CAMBODGE - Trapang Prei - The National Museum of Cambodia in January will exhibit what is considered by some experts to be the world's oldest zero symbol, a dot in a set of script from the Khmer civilisation carved into a sandstone surface. "The Chaka era has reached the year 605 on the fifth day of the waning moon," says the restored inscription discovered during the end of the 19th century at the Trapang Prei archaeological site in Kratie province, in northeastern Cambodia. Archaeologists date this phrase to 687 AD, in pre-Angkor Cambodia, Efe news reported on Monday. This Khmer inscription was discovered by French archaeologist Adhemard Leclere (1853-1917) in 1891, but his colleague and compatriot George Coedes (1886-1969) later classified it with the name K-127. The same historian Coedes subsequently divulged the importance of the discovery in the article "About the Origin of Arabic Numbers", published in 1931. Coedes and American mathematician Amir Aczel (1950-2015) defended the significance of K-127 as it strengthens the idea that the zero symbol's origin in the decimal number system comes from India or, in his word, other "Indianized" East Asian cultures.

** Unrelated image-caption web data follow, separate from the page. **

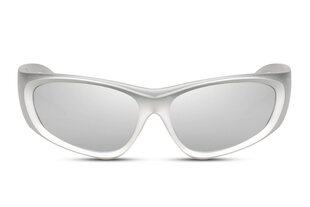 Солнцезащитные очки для женщин Marqel L5021 Valencia цена и информация | НАКЛАДКИ НА СОЛНЦЕЗАЩИТНЫЕ ОЧКИ ДЛЯ КОРРЕКТИРУЮЩИХ ОЧКОВ | 220.lv
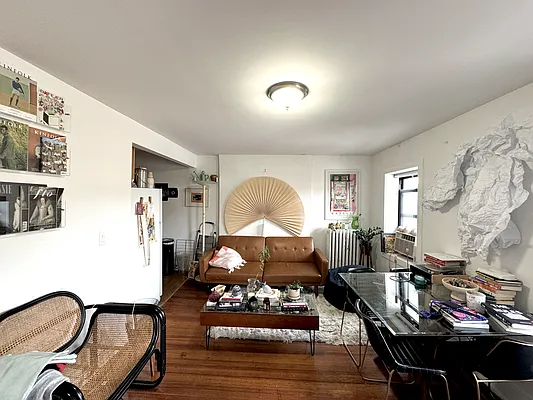 Rented by Pear NYC LLC | media 3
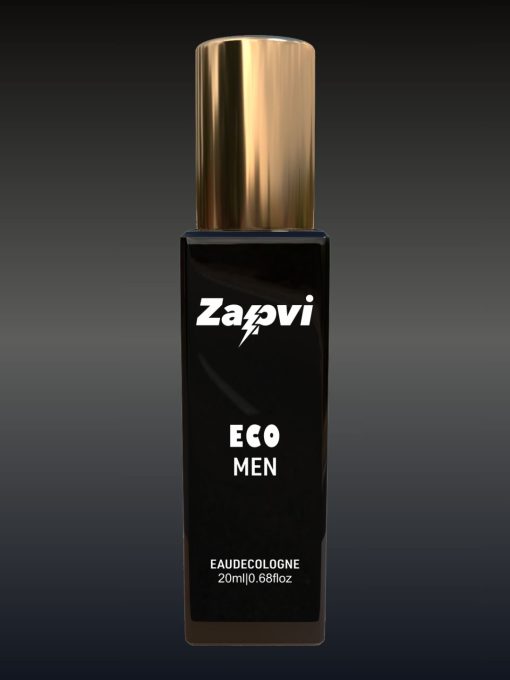 Eco Men Perfume – 20ml Edge Zapvi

The oldest zero that is known of and in the form of a circle, rather than a dot, comes from India and from the year 876 AD, almost two hundred years earlier than the one at the National Museum of Cambodia. The Indian manuscript Bakhshali also contains zeros that could be prior to K-127, but the experts are unable to determine their antiquity with current technology due to the fragility of the object.
VIET NAM – Thang Long - The excavation was carried out on a site of nearly 1,000 sq.m. in an effort to study the architecture of the Kinh Thien Palace. The archaeologists identified traces of overlapping layers of royal palaces from different dynasties dating back to the 8th century. Most notably, the cultural layer of the Ly dynasty (1009-1225) is about 1.15m thick, while that of the Dai La period (9th-10th centuries) is about 0.5m thick. Archaeologists have found traces of large-scale architecture dating from the Tran dynasty (1225-1400) at the Thang Long Royal Citadel. During the excavation,architectural structures of houses from the Le So period (1428-1528) and Le Trung Hung period (1533-1789) were discovered. The palace sits in the centre of the Thang Long Royal Citadel. Built in 1428, it is believed to be the most important building and hosted many royal ceremonies. The citadel was built in the 11th century during the Ly Dynasty to mark the independence of Dai Viet, the former name of Vietnam. The central sector of the imperial citadel was listed as a UNESCO World Heritage Site on July 31, 2010.